_Try it_: Output only the lines that run from the line holding "2046 Willow Leaf Drive, St Louis, MO 63131" to the end of the data below, including both ends, without any pictures.

_Material shown_:
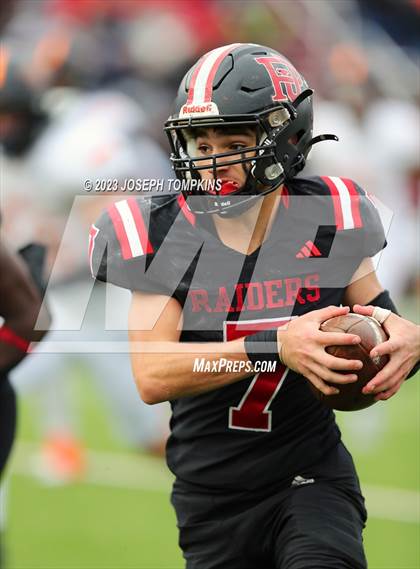 Thumbnail 3 in Port Jervis vs. Marlboro Central photogallery.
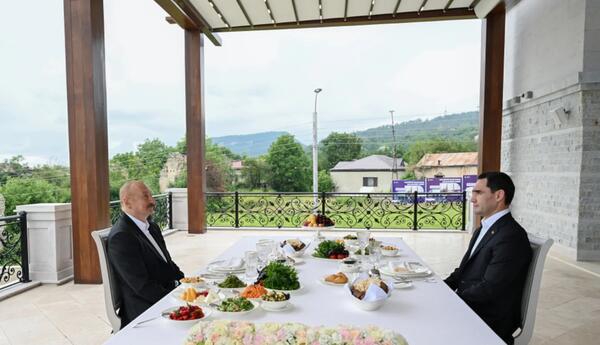 Azərbaycan və Türkmənistan prezidentləri Şuşada birgə nahar ediblər <span class="red">- FOTO</span>
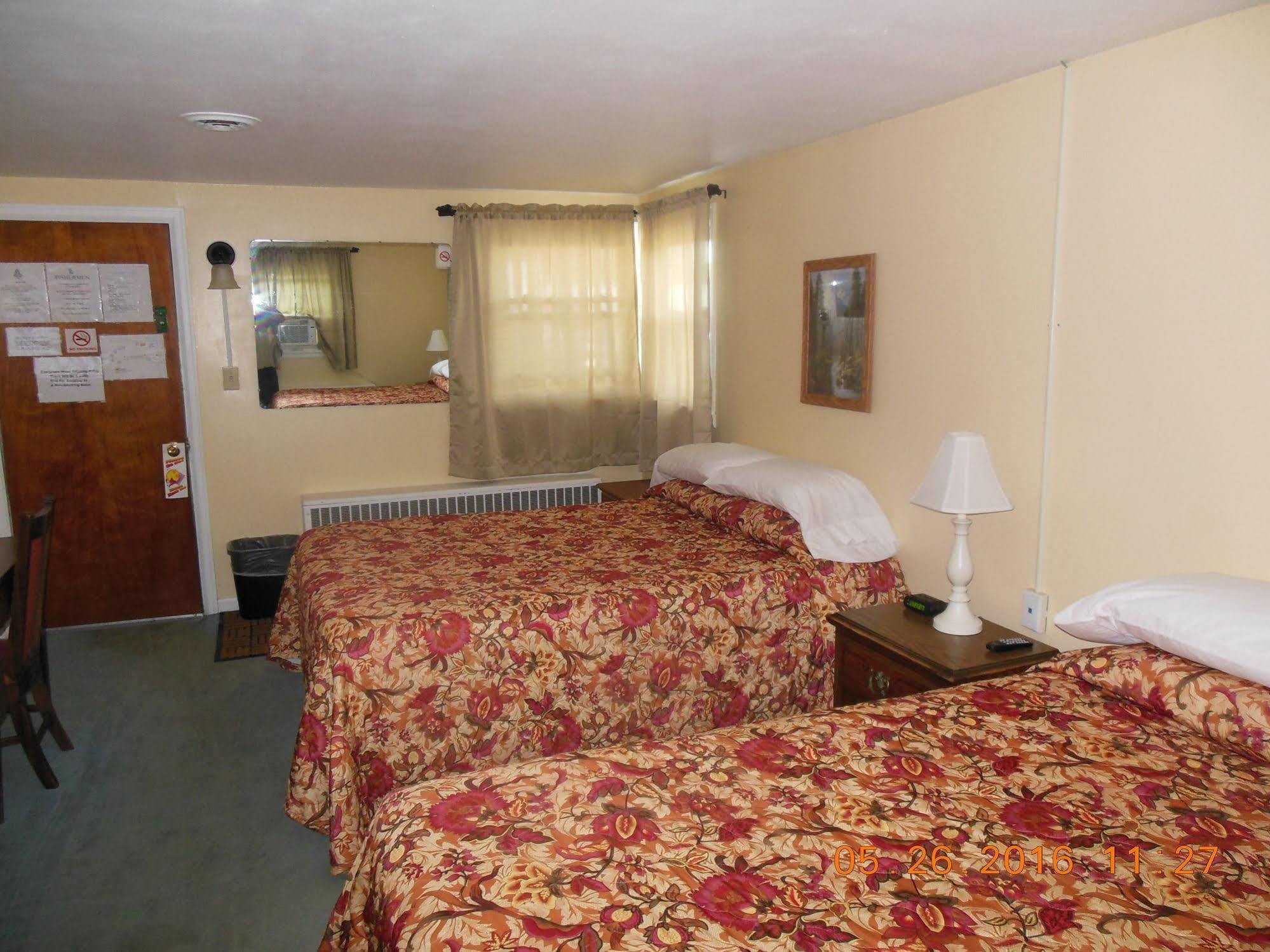 Evergreen Motel Oswego Εξωτερικό φωτογραφία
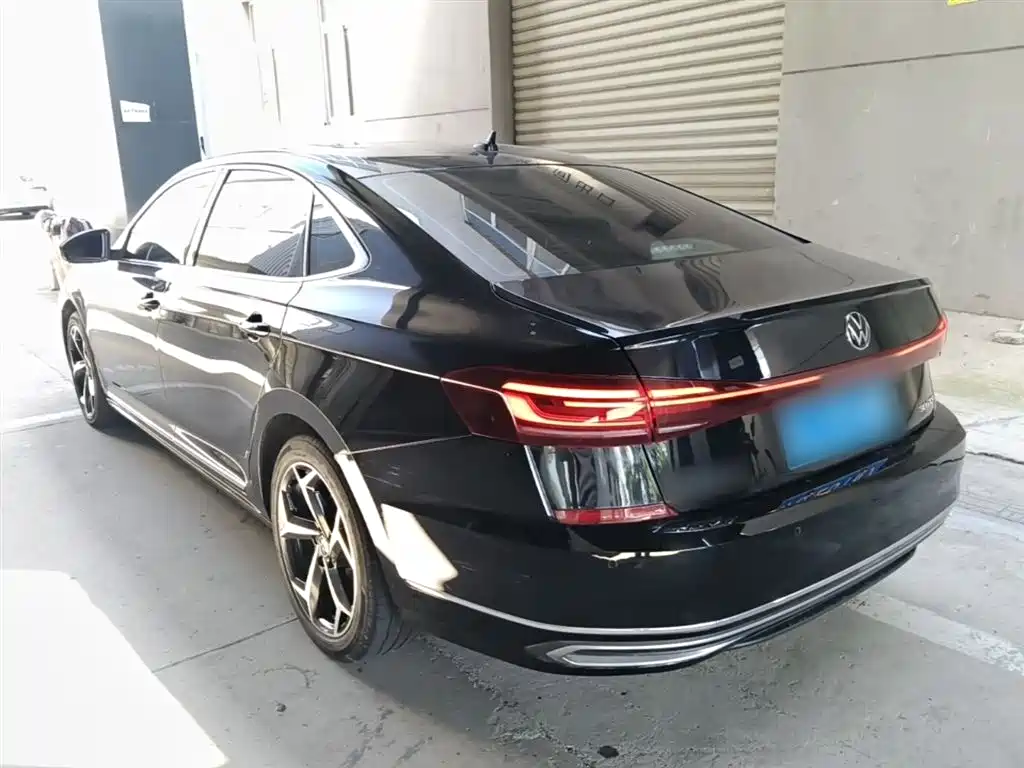 Volkswagen Passat 2023 — фото 23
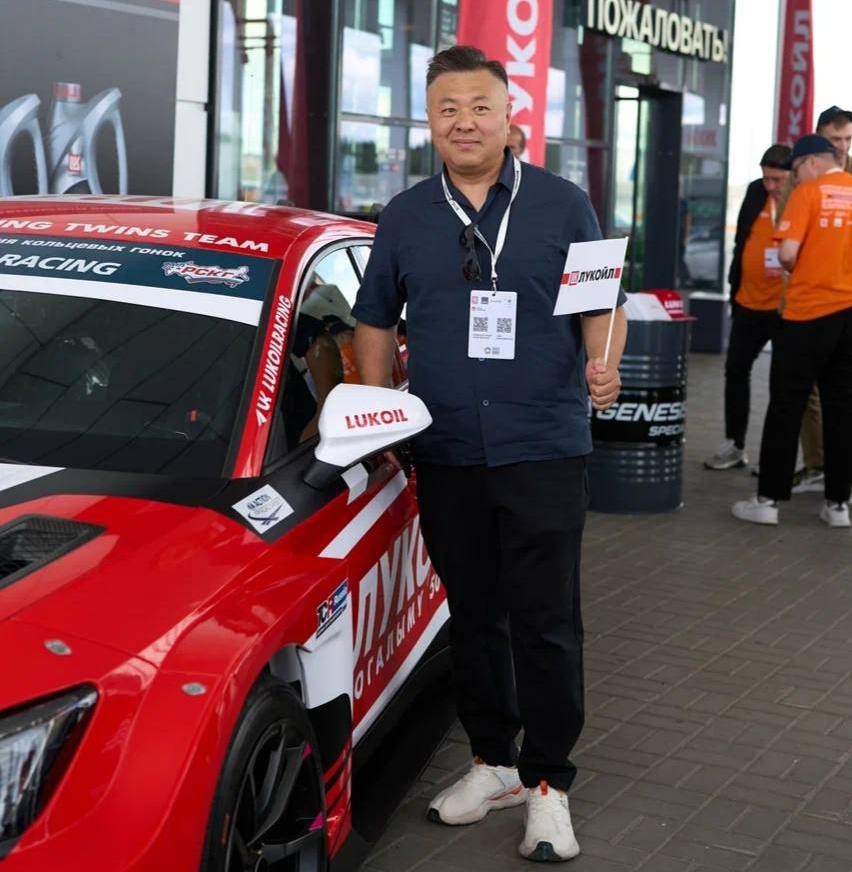 ️ Участники Международного автопробега БРИКС на флагманской АЗС ЛУКОЙЛа на М-12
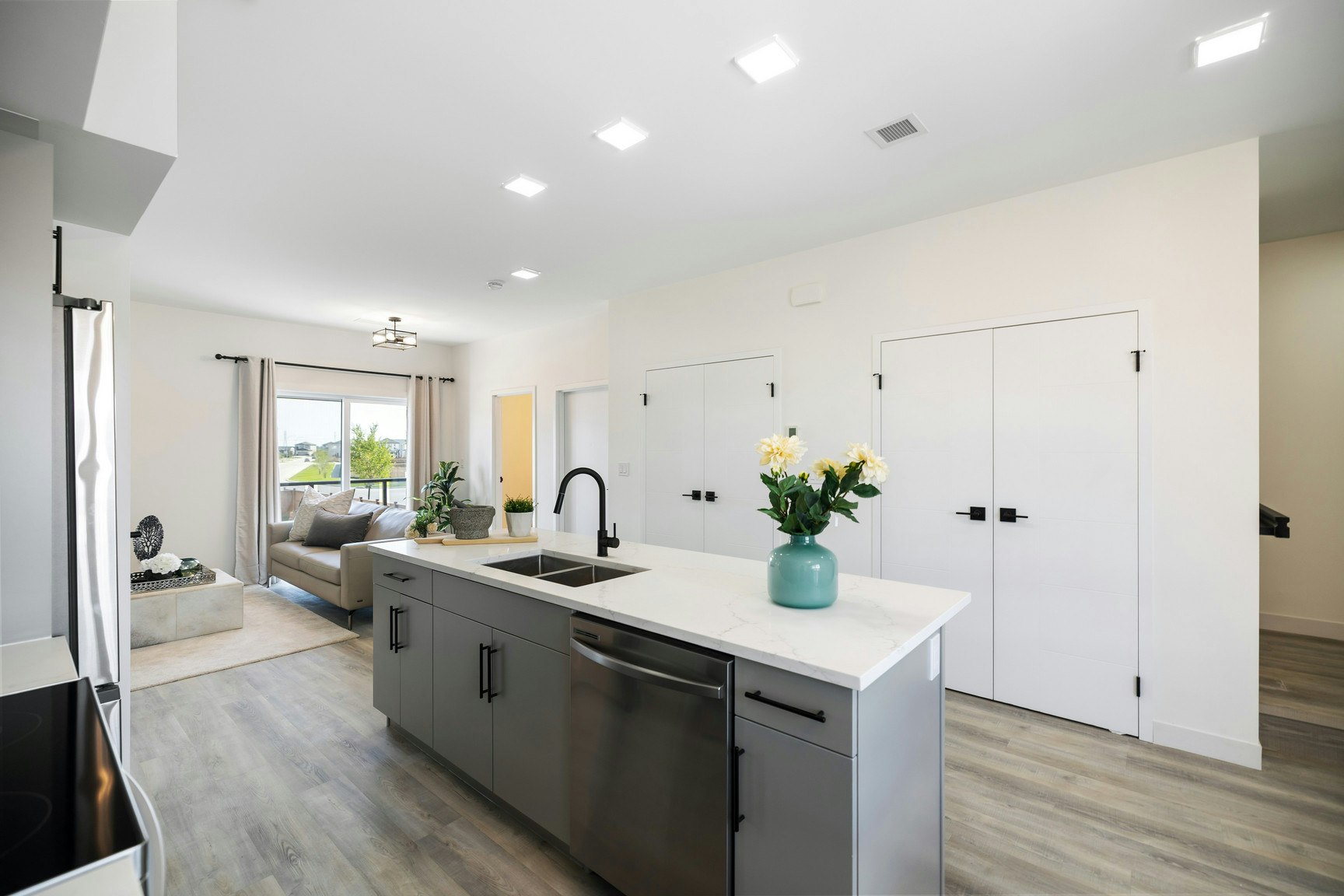 511-11 Merkel Manza Boulevard, Winnipeg, MB, R2C 5S2 - 12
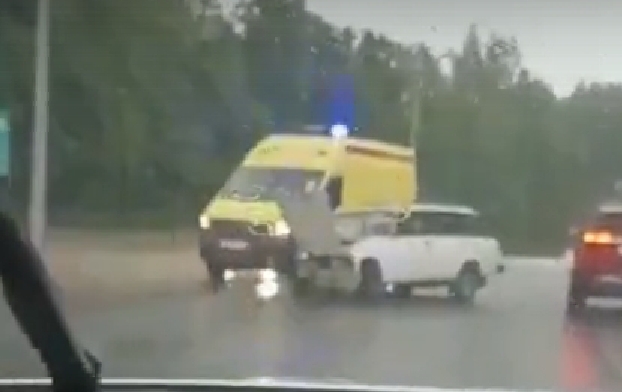 Пожилой водитель &laquo;Жигулей&raquo; пострадал в аварии на проспекте Лаврентьева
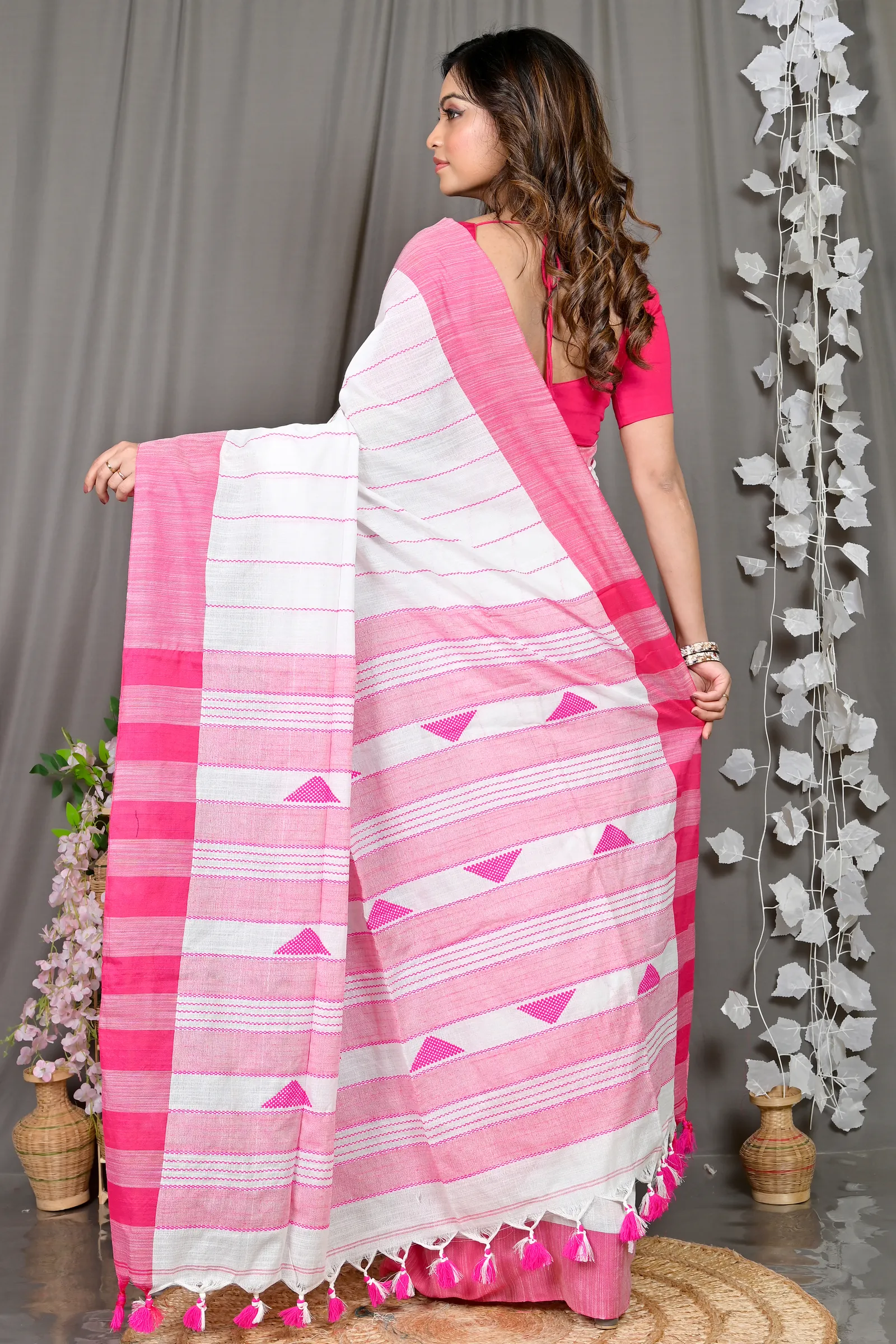 DipDiya Cotton Blended White Pink Parnika Handcrafted Elegance Handloom Sarees
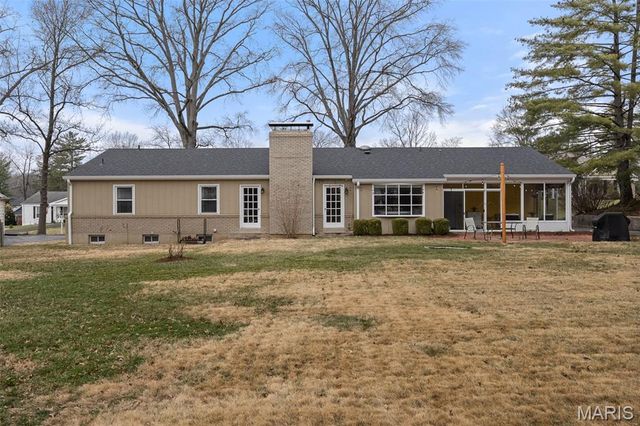 2046 Willow Leaf Drive, St Louis, MO 63131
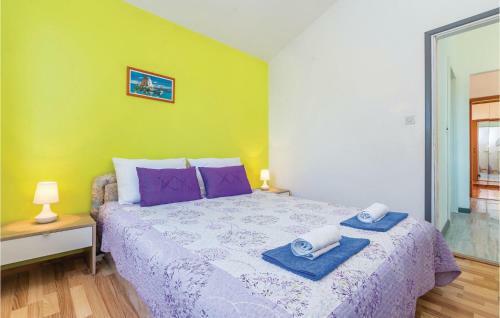 Four-bedroom Holiday Home In Pinezici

_Worked solution_:
 2046 Willow Leaf Drive, St Louis, MO 63131
 Four-bedroom Holiday Home In Pinezici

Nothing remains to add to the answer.